All the Americans competed in the 1933 Open Championship. They all qualified and 8 of the 10 made the cut. After the four rounds they held 5 of the 6 leading positions with Shute and Wood tying for the tead. Shute won the 36 hole play-off by 5 strokes.

==Monday's foursome matches==
After the morning matches Great Britain led three of the four matches with the other match level. Alliss and Whitcombe had extended their lead to four after eight holes of the afternoon round. Sarazen and Hagen then won the next three holes and levelled the match at the 16th. The British pair won the 17th but Whitcombe missed a 4-foot putt at the last and the match was halved.

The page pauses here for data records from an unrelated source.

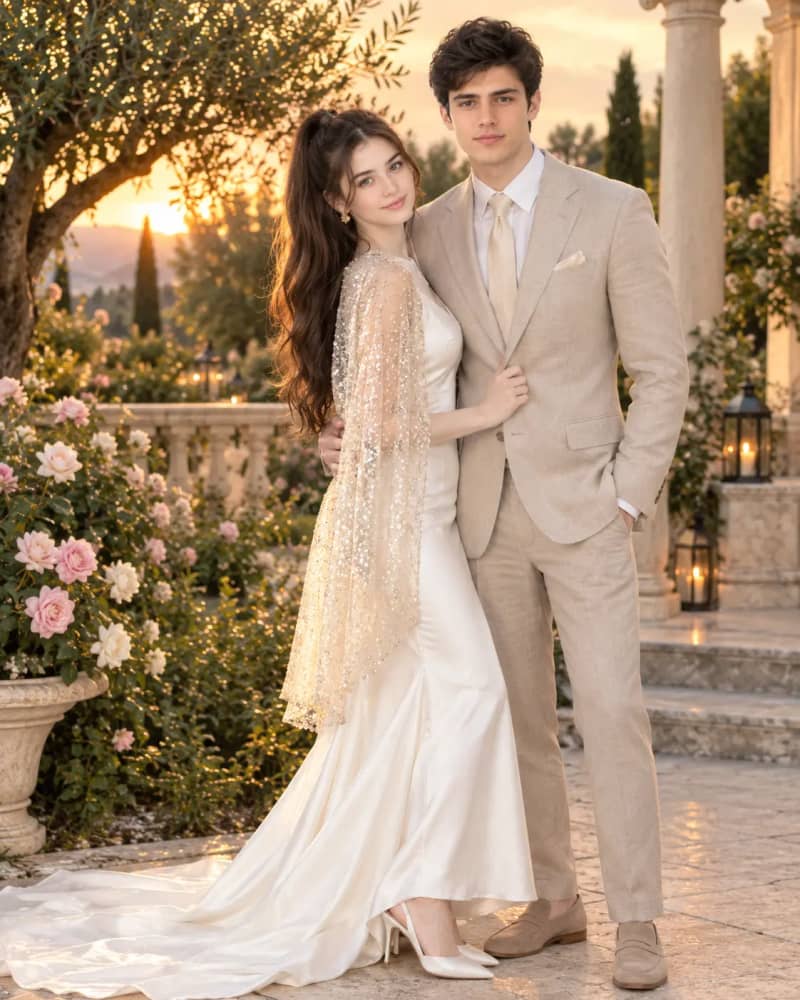 A smiling woman in a white satin gown and sparkling champagne cape stands in a golden hour rose garden while a bearded man in a beige suit holds her waist and looks at her affectionately.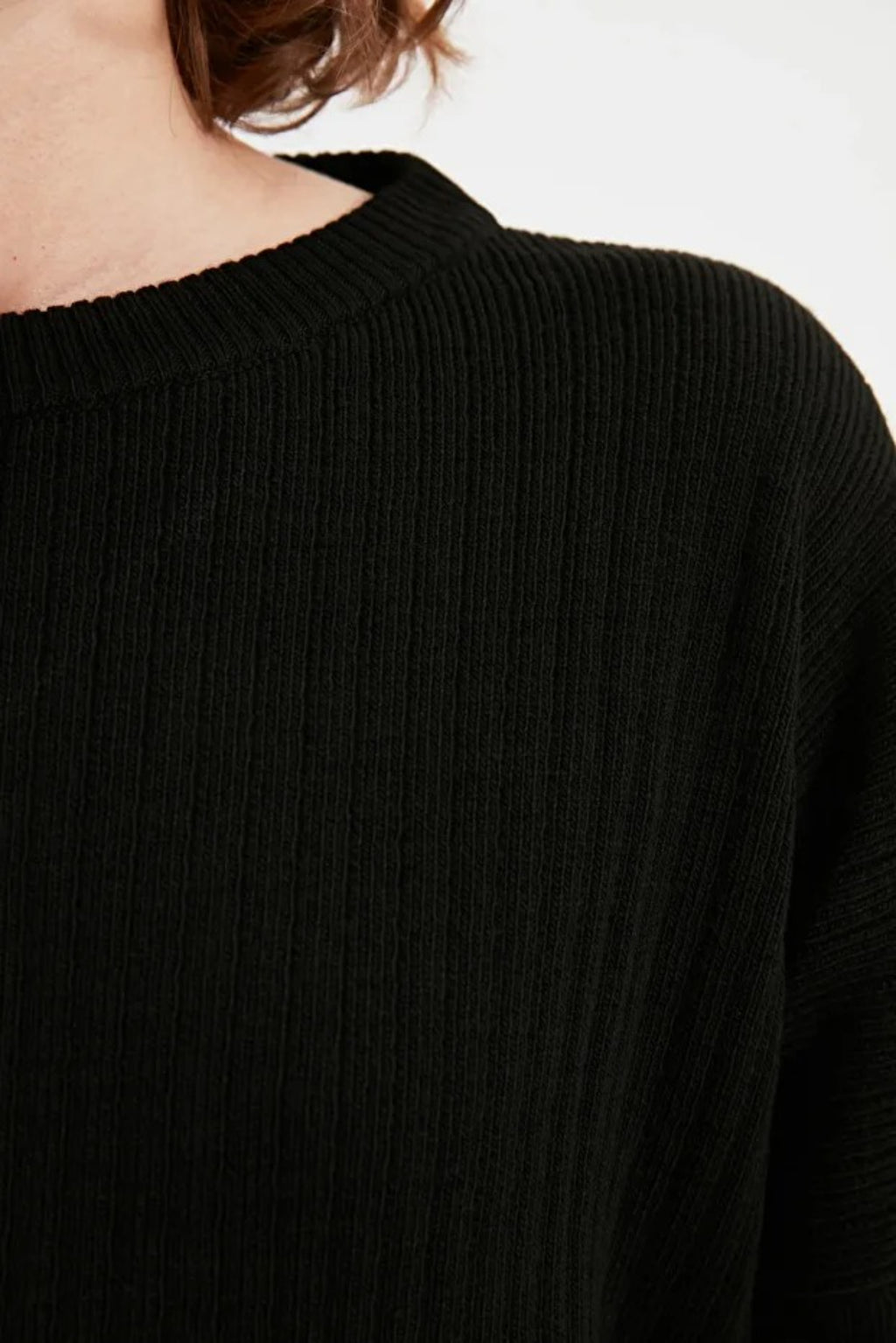 2-Piece Loose Fit Basic Ribbed Knit Top & Pants Set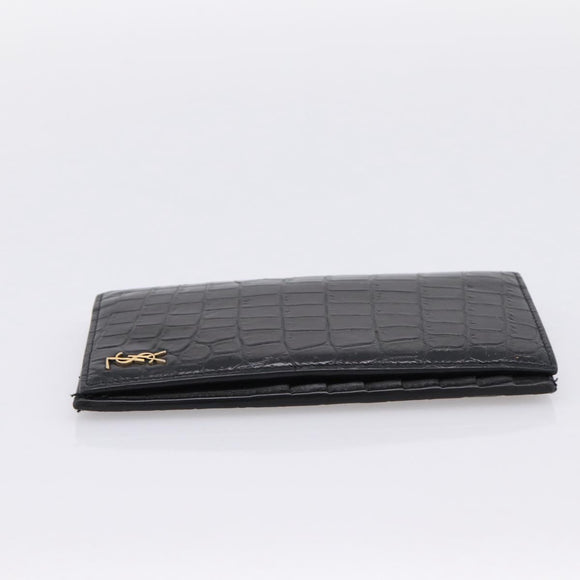 SAINT LAURENT Long Wallet Croco Embossed Black Gold Auth 205099A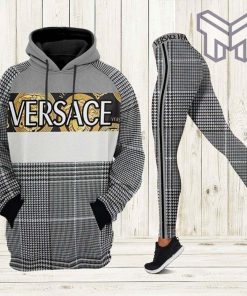 Versace grey white plaid pattern 3d hoodie and leggings set hot 2023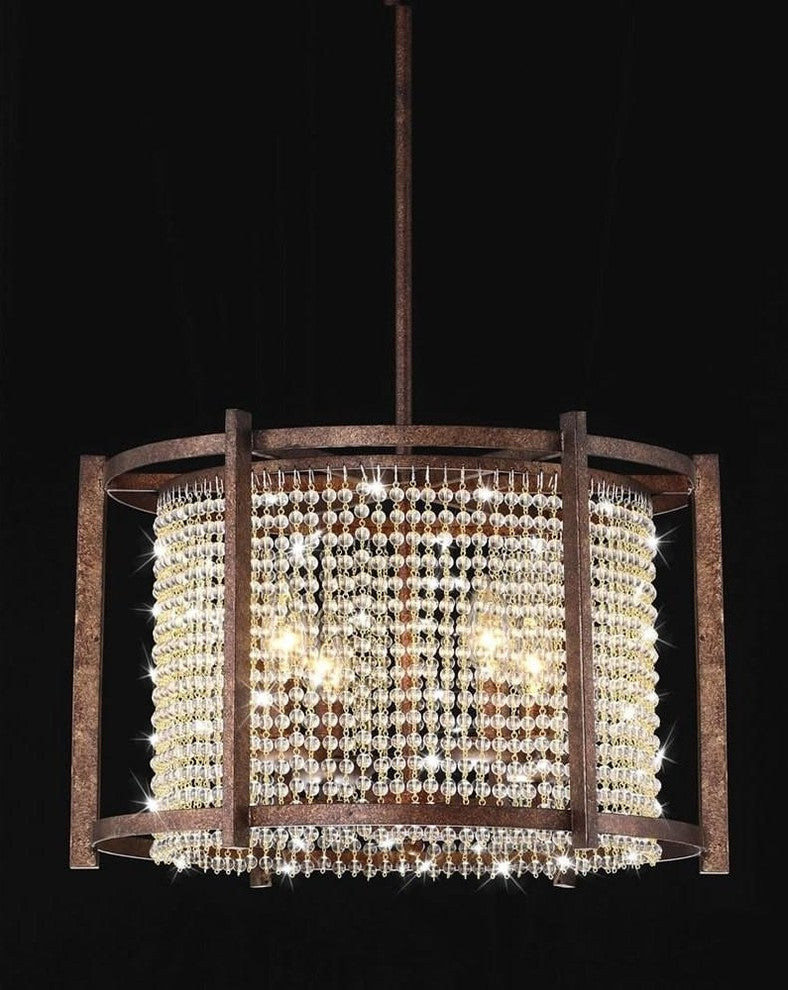 Dark Brown 4-light Crystal Pendant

In the final match the American pair of Dudley and Burke levelled the match after six holes of the afternoon round having been four behind at lunch. They won the 17th and halved the last to win the match.

| | Results | |
| Alliss/Whitcombe | halved | Sarazen/Hagen |
| Mitchell/Havers | GBR 3 & 2 | Dutra/Shute |
| Davies/Easterbrook | GBR 1 up | Wood/Runyan |
| Padgham/Perry | 1 up | Dudley/Burke |
| 2 | Session | 1 |
| 2 | Overall | 1 |

18 hole scores: Alliss/Whitcombe: 3 up, Mitchell/Haver: 4 up, Davies/Easterbrook v Wood/Runyan: all square, Padgham/Perry: 4 up.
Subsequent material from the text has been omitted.